I've extracted out the script and the minimal code. As following,
$ cat kernel.ld
ENTRY(_start)
SECTIONS
{
/* must == KERNLINK */
. = 0xC0008000;
.text : AT(0x8000) {
*(.text)
}
.bss : {
*(.bss)
}
.data : {
*(.data)
}
.rodata : {
*(.rodata)
}
}
-
$ cat source/entry.S
#include "mem.h"
.globl _start
_start = V2P(entry)
.globl entry
entry:
loop$:
b loop$
(The "b loop$" won't work since it's generated as "b·c0008000" instead of using a relative branch. But never mind that part, the problem is it never reaches entry).
$ cat source/mem.h
#define KERNLOAD 0x8000
#define KERNBASE 0xC0000000
#define KERNLINK (KERNBASE+KERNLOAD)
#define V2P(va) ((va) - KERNBASE)
Those are the only three source files. There should be nothing interesting in the Makefile, but the output from make is,
$ make
arm-none-eabi-gcc -g -Wall -c -o build/entry.o source/entry.S
arm-none-eabi-ld --no-undefined -T kernel.ld build/entry.o -Map kernel.map -o build/output.elf
arm-none-eabi-objcopy build/output.elf -O binary kernel.img
And objdump,
$ arm-none-eabi-objdump -h build/output.elf
build/output.elf: file format elf32-littlearm
Sections:
Idx Name Size VMA LMA File off Algn
0 .text 00000004 c0008000 00008000 00008000 2**0
CONTENTS, ALLOC, LOAD, READONLY, CODE
1 .ARM.attributes 00000014 00000000 00000000 00008004 2**0
CONTENTS, READONLY
2 .debug_line 0000003c 00000000 00000000 00008018 2**0
CONTENTS, READONLY, DEBUGGING
3 .debug_info 00000054 00000000 00000000 00008054 2**0
CONTENTS, READONLY, DEBUGGING
4 .debug_abbrev 00000014 00000000 00000000 000080a8 2**0
CONTENTS, READONLY, DEBUGGING
5 .debug_aranges 00000020 00000000 00000000 000080c0 2**3
CONTENTS, READONLY, DEBUGGING
I start to believe I overlooked some obvious yet precious details.
==== update ====
As noted in my own answer below, the confusion is caused by debugging in qemu. The breakpoints are set by virtual addresses. "b entry" doesn't work, because gdb is thinking about virtual address while MMU hasn't been enabled and we're running by physical address.

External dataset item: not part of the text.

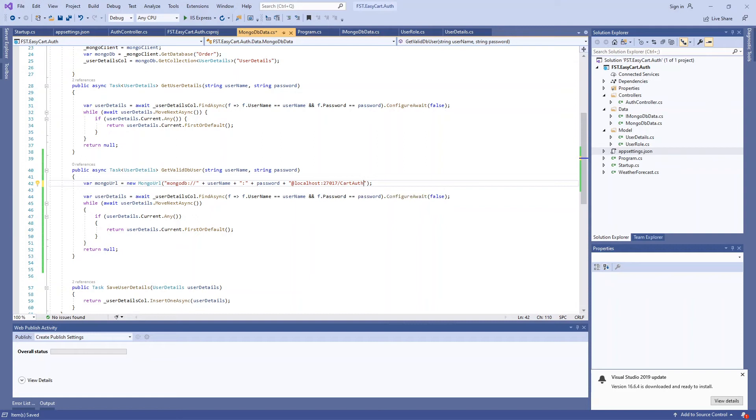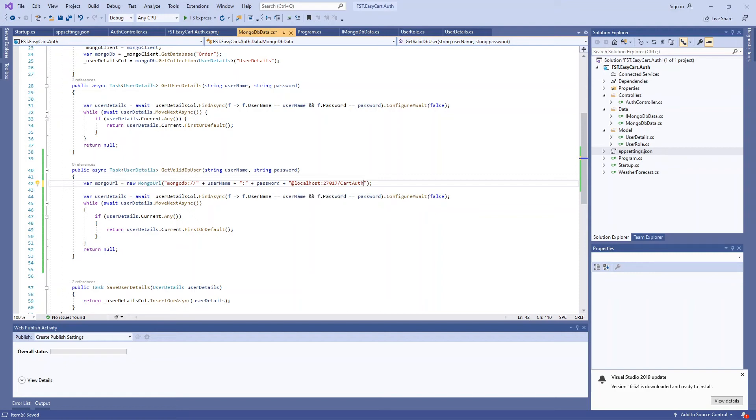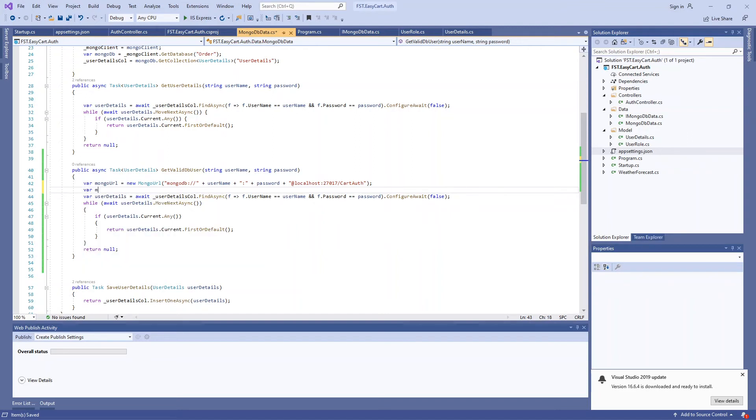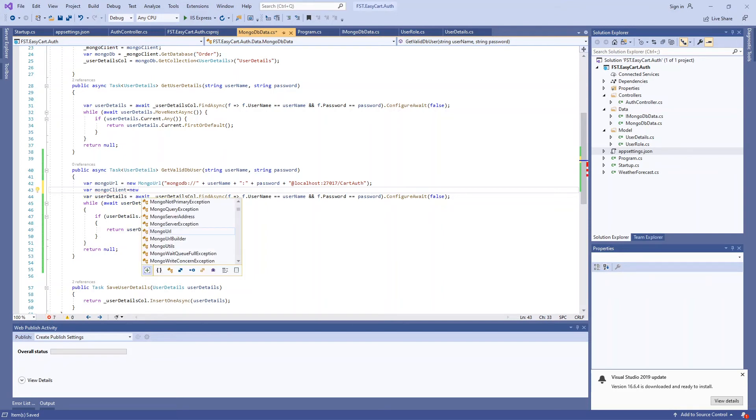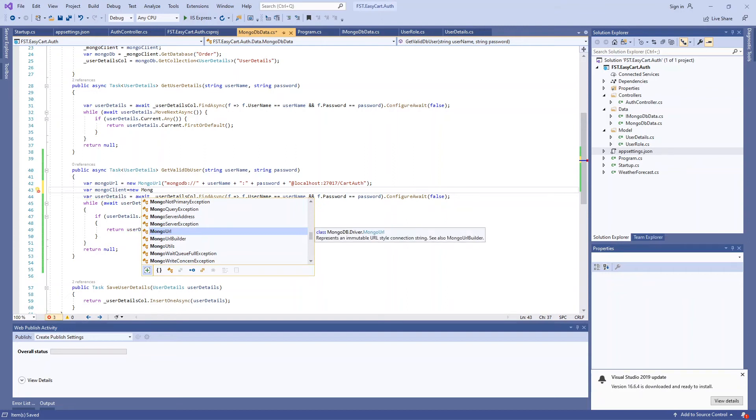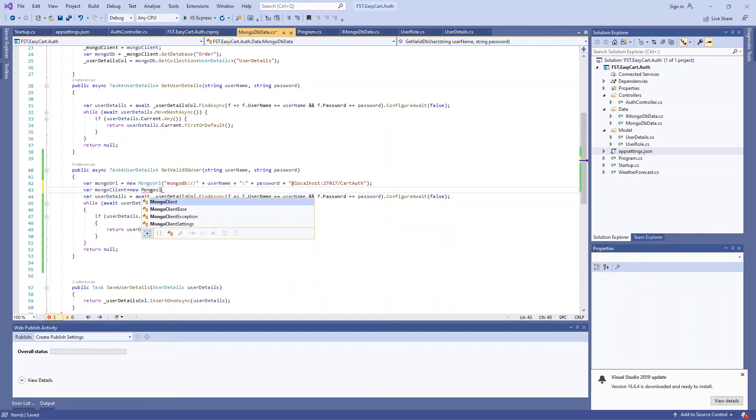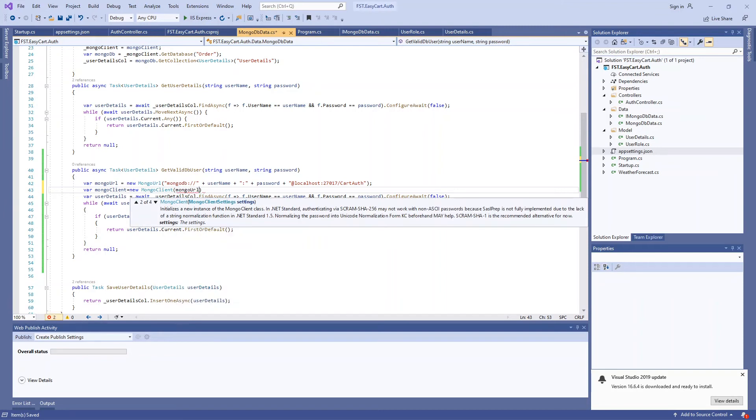Now it's validated against cart_auth with this username and password. If it exists it'll work, otherwise it will fail. After this I'm going to call mongo_client equal to new MongoClient and then pass the mongo_url.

So before MMU is enabled, we have to use "b *0x8000". This sets a breakpoint that's correctly hit. GDB seems still confused though, since it doesn't show any debugging info (no source code, like 0x00008004 in ?? ()). That's not a big issue since I have the listing produced by "objdump -D".
After MMU is enabled and we branch to main, gdb works perfectly. The crux is to jump to a virtual address, using an absolute branch. b/bl would issue relative jumps. So I use ldr pc =main. bx works too.

Finally solved it...
The code and the linkscript don't have problems. It's just that debugging doesn't seem to work on the qemu I used. It does work when VMA==LMA, but in this case the kernel already runs and qemu doesn't know about it. Or, the breakpoint is lost and never caught by gdb.
Anyway, by starting afresh and adding bits one by one, I have it working on my rpi (real hardware), and then it works on qemu too (gdb still won't catch the breakpoint).
So my question should really be how to debug such a scenario using qemu/gdb.
(My original problem is solved by changing the "domain" permission to "manager", instead of using "client". Yeah I know this is probably temporary and I should set a variable elsewhere).